Supplied data:
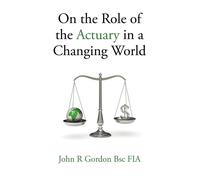 On the Role of the Actuary in a Changing World - Gordon John R.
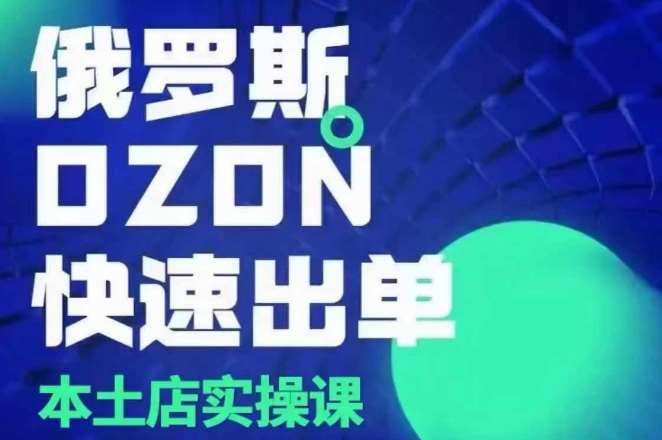 俄罗斯OZON本土店实操课，​OZON本土店运营选品变现-云商网创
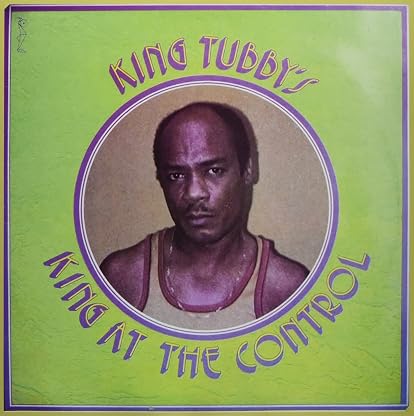 King At The Control [Disco de Vinil] por King Tubby, capa do álbum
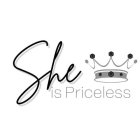 SHE IS PRICELESS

Exercise goal: Above is a listing with pictures. Write it out exactly without them.

Answer section:
 On the Role of the Actuary in a Changing World - Gordon John R.
 俄罗斯OZON本土店实操课，​OZON本土店运营选品变现-云商网创
 King At The Control [Disco de Vinil] por King Tubby, capa do álbum
 SHE IS PRICELESS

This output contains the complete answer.